İTB Başkanı Işınsu Kestelli: Tarımda tahsil edilemeyen alacak 6,7 milyar lirayı buldu
Özlem SARSIN
İzmir Ticaret Borsası Yönetim Kurulu Işınsu Kestelli, üreticilerin uzun bir süredir girdi maliyetleri ile kur arasındaki dengenin bozulması nedeniyle sıkıntılı günler geçirdiğini söyledi. Tarım sektörünün kredi hacminin yüzde 1,81 artarak 1 trilyon 65 milyar lirayı geçtiğini ifade eden Kestelli, sektörde tahsil edilemeyen alacakların ise 6,7 milyar lirayı bulduğunu, takipteki alacak miktarının bir yıl içinde yüzde 166 artarak artış hızı bakımından tüm sektörleri geride bıraktığına işaret etti.
Kestelli, “Bu tablo, çiftçimizin yaşadığı borç yükünün ve kur şokları ile artan girdi maliyetlerinin yarattığı baskının en açık göstergesi.

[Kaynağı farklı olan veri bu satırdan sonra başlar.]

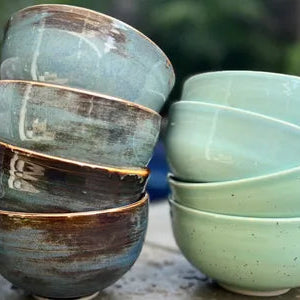 Bowl-ing for Dollars TICKETS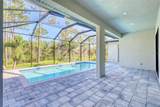 14372 Cannell Lane - Photo 12
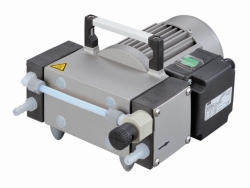 Pompe à membrane MPC 101 Z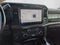 2023 Ford Super Duty F-250 SRW LARIAT 4WD Crew Cab 6.75' Box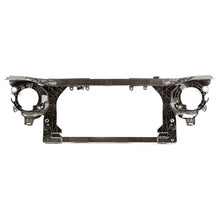 Load image into Gallery viewer, Omix Radiator &amp; Grille Support- 07-18 Wrangler JK - Back View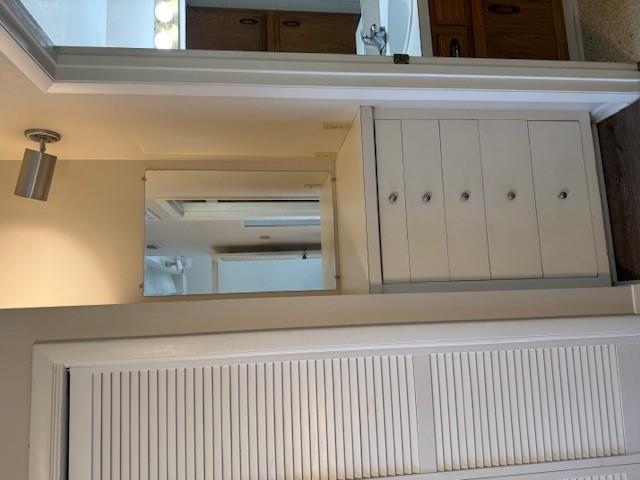 1401 W 29th St # C, Austin, TX 78703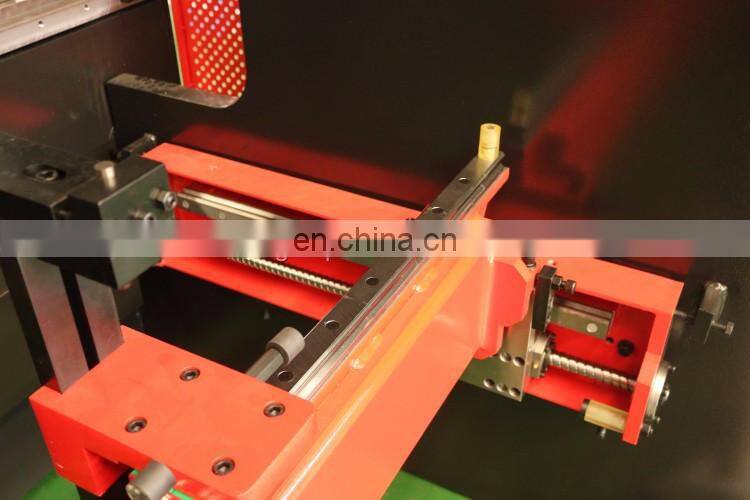 T&L Machinery - Press brake die block, press brake tooling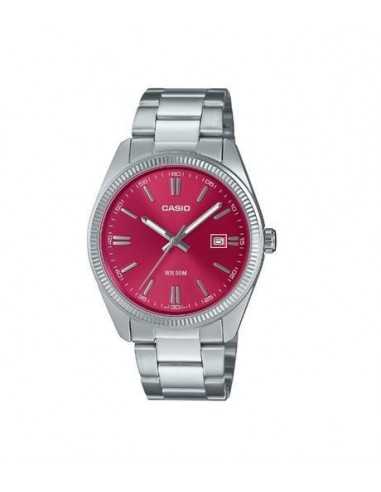 RELOJ CASIO MTP-1302PD-4AVEF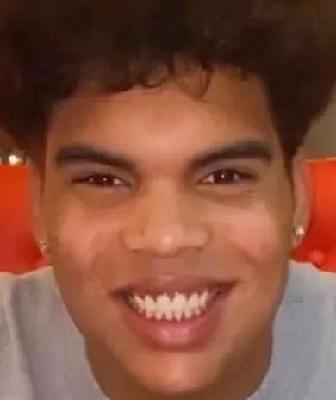 Devon King death by force case in San-antonio, TX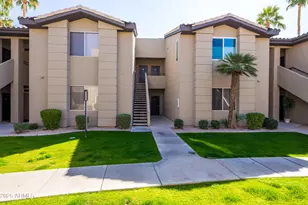 7009 E Acoma Dr, Scottsdale, AZ 85254 - Photo 29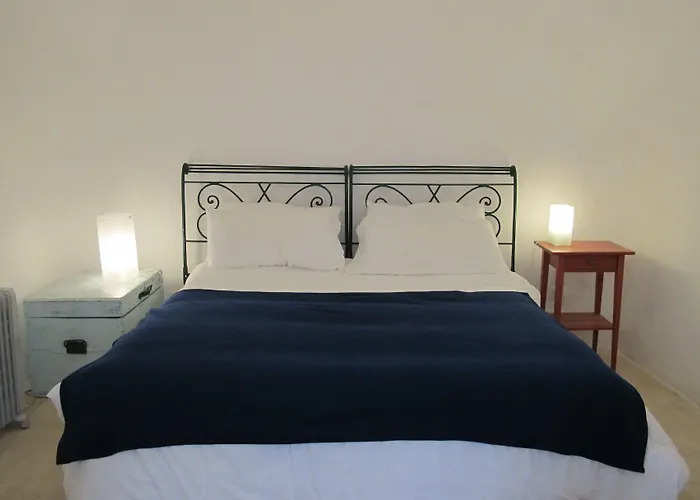 Parco Della Vigna Crispiano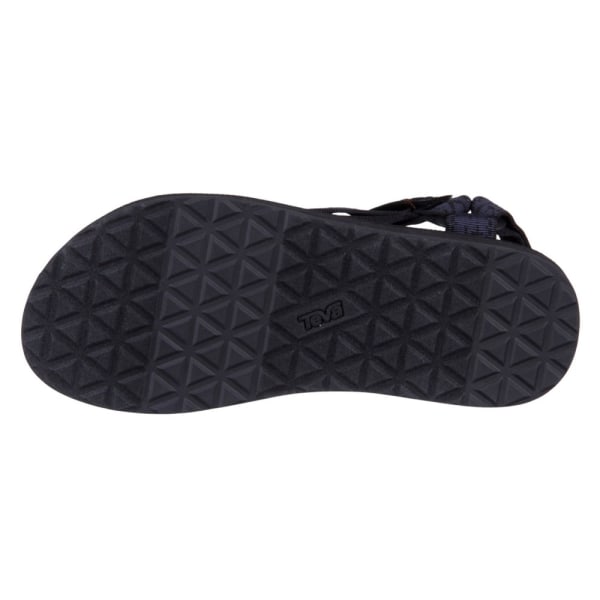 Sandaler Teva Original Universal Sort 45.5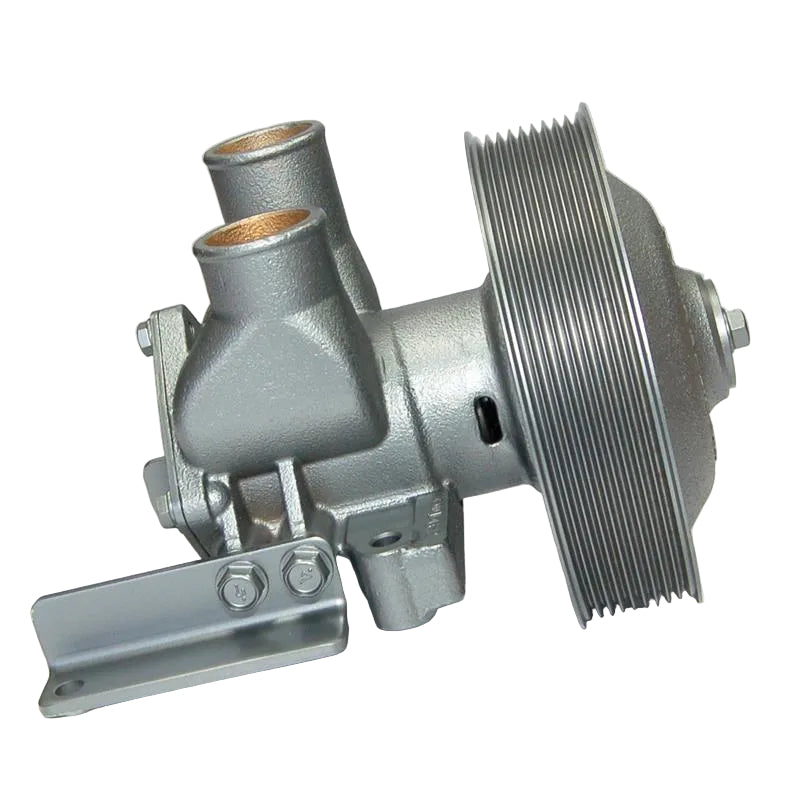 COOLING SEA WATER PUMP ASSEMBLY 8LV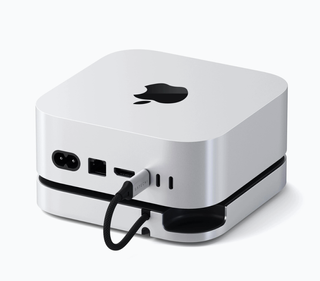 Mac mini M4 Pro + HUB Satechi REGALO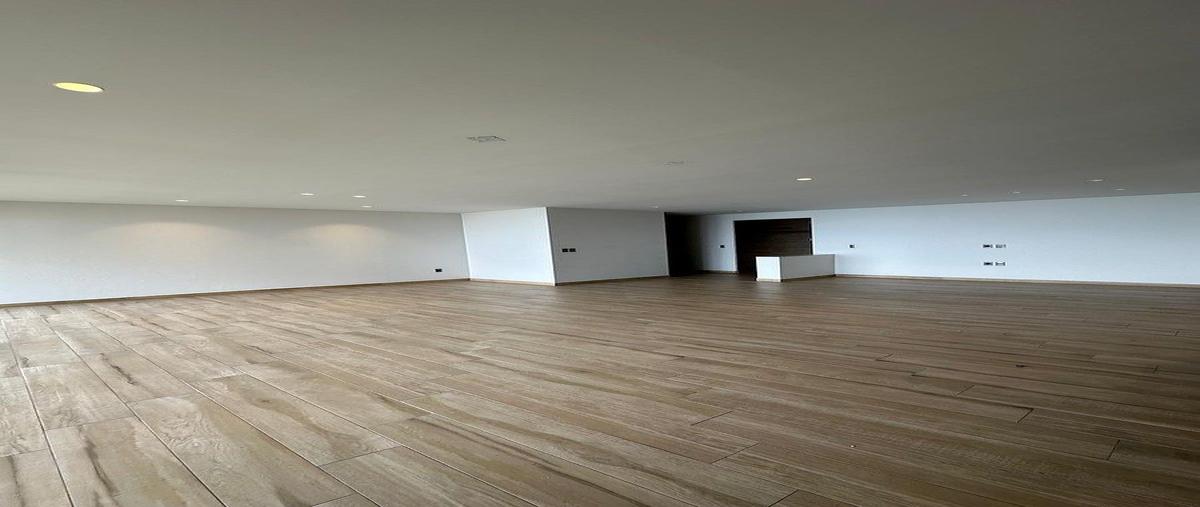 Foto de departamento en venta en valle acantha , zibatá, el marqués, querétaro, 0 No. 04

Ortada çözümsüz bir durum yok ancak mevcut şartlara göre revize edilmesi gereken bir süreç yönetimi izlenmesi gerekiyor.
Kalıcı bir iyileşme için tarımda girdi maliyetlerinin ve kredi faiz oranlarının düşürülmesi, kredi geri ödemelerinin hasat dönemlerine uyumlu hale getirilmesi ve özellikle küçük ölçekli aile işletmelerinin finansmana erişim kanallarının güçlendirilmesi gerekiyor. Bu önlemlerin hayata geçirilmesiyle, üreticilerimizin bir nebze rahatlayacağını ve ülke ekonomisinin daha sağlam bir zemine oturacağını özellikle belirtmek istiyorum” dedi.
"Sezon kolay geçmedi"
Geride bırakılan sezonun kolay geçmediğine dikkat çeken Kestelli, bölge için değerli birçok ürün grubunda farklı sorunlar yaşandığını söyleyerek, “Bunların başında da kuru incir yer alıyor. 2024/25 sezonu boyunca incir, gündemimizin hep ön sıralarındaydı. Ülkemizin dünya kuru incir ticaretinin yaklaşık yarısını karşıladığını ve bu sezon 350 milyon dolarlık ihracat yaptığımızı düşündüğümüzde, incirin ne kadar önemli olduğunu daha iyi anlıyoruz.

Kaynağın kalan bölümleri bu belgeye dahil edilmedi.